My goal is too extract all data in every child array regardless of the level of nesting. child is list of dictionary objects.

I have tried using pd.json_normalize with record path set to child per level, but at some point the dataframe does not have records for every record in the child column. Some values are nan some are empty lists.

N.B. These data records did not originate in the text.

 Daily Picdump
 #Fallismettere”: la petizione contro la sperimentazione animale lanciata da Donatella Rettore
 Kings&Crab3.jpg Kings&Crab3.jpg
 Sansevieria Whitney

df = pd.json_normalize(data, record_path=['child', 'child', 'child'],
                       meta=['site', 'title', 'featured_image_url',
                             'id', 'key','child'],
                       meta_prefix='_')

The df.child from the above code looks like this:

                       child
0                                                    NaN
1      [{'type': 'HTML', 'key': '77100c3f-760d-452a-a...
2      [{'type': 'HTML', 'key': '6fce8911-7e46-42e5-b...
3      []

Is there anyway I can extract all data from every child array regardless of nesting for data for type, key, id, value into a dataframe.

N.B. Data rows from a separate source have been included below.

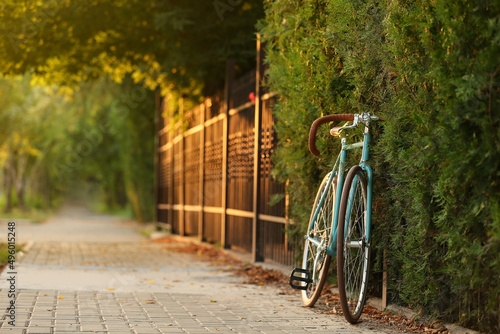 Stylish bicycle near green ...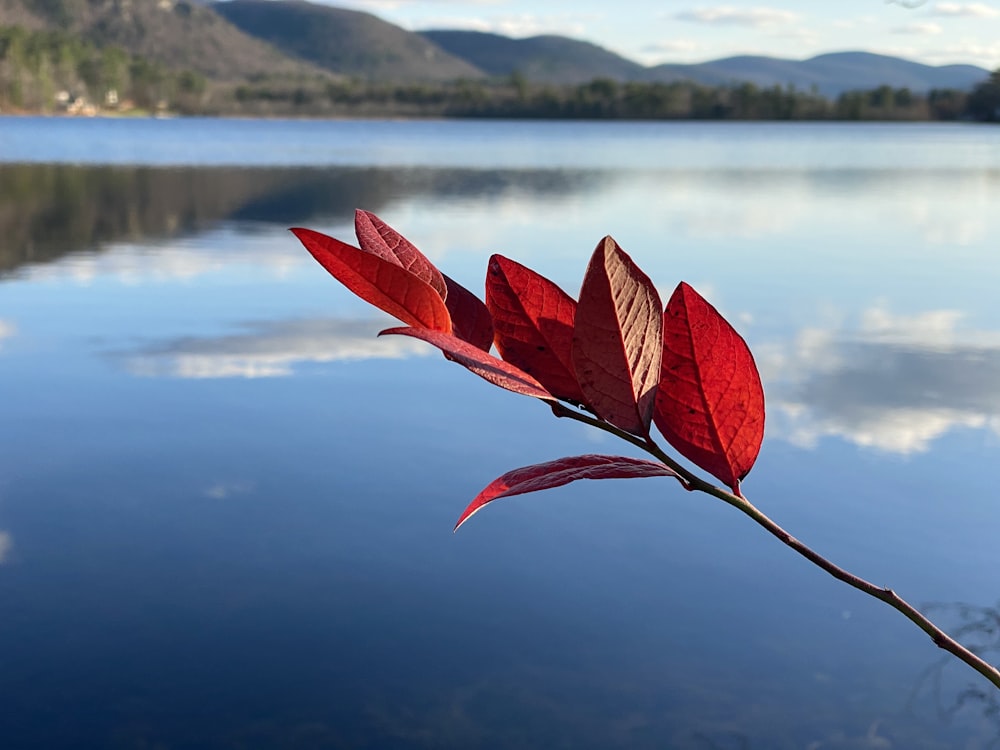 red leaf on body of water during daytime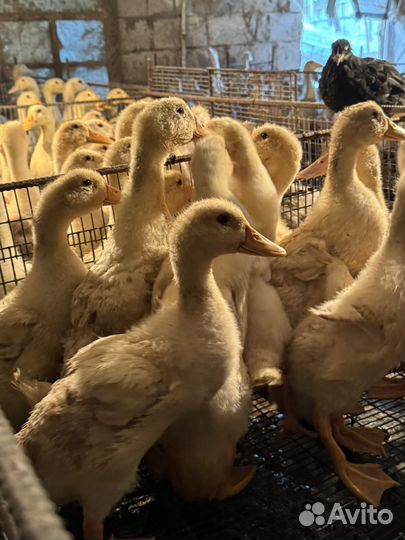 Утка стар 53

CodePudding user response：

from pprint import PrettyPrinter

data = [{"site": "example", "title": "Example Site", "child": [{"type": "text", "value": "This is some text.", "child": [{"type": "image", "value": "image.jpg", "child": [{"type": "link", "key": "link1", "id": "link1", "value": "Link 1"}], "id": "text1", "key": "text1"}, {"type": "image", "value": "image2.jpg", "child": [{"type": "link", "key": "link2", "id": "link2", "value": "Link 2"}], "id": "text2", "key": "text2"}], "id": "root", "key": "root"}, {"featured_image_url": "featured_image.jpg", "id": "root2", "key": "root2"}]}]

items = data
result = []
for i in items:
    if isinstance(i, list):
        items.extend(i)
    elif isinstance(i, dict):
        entry = {k:v for k, v in i.items() if isinstance(v, str)}
        result.append(entry)
        child = i.pop("child", None)
        if child is not None:
            items.extend(child)

pp = PrettyPrinter(indent=4)
pp.pprint(result)

Output

[   {'site': 'example', 'title': 'Example Site'},
    {   'id': 'root',
        'key': 'root',
        'type': 'text',
        'value': 'This is some text.'},
    {'featured_image_url': 'featured_image.jpg', 'id': 'root2', 'key': 'root2'},
    {'id': 'text1', 'key': 'text1', 'type': 'image', 'value': 'image.jpg'},
    {'id': 'text2', 'key': 'text2', 'type': 'image', 'value': 'image2.jpg'},
    {'id': 'link1', 'key': 'link1', 'type': 'link', 'value': 'Link 1'},
    {'id': 'link2', 'key': 'link2', 'type': 'link', 'value': 'Link 2'}]

You can now prepare/modify result, so that it fits into a pandas DataFrame.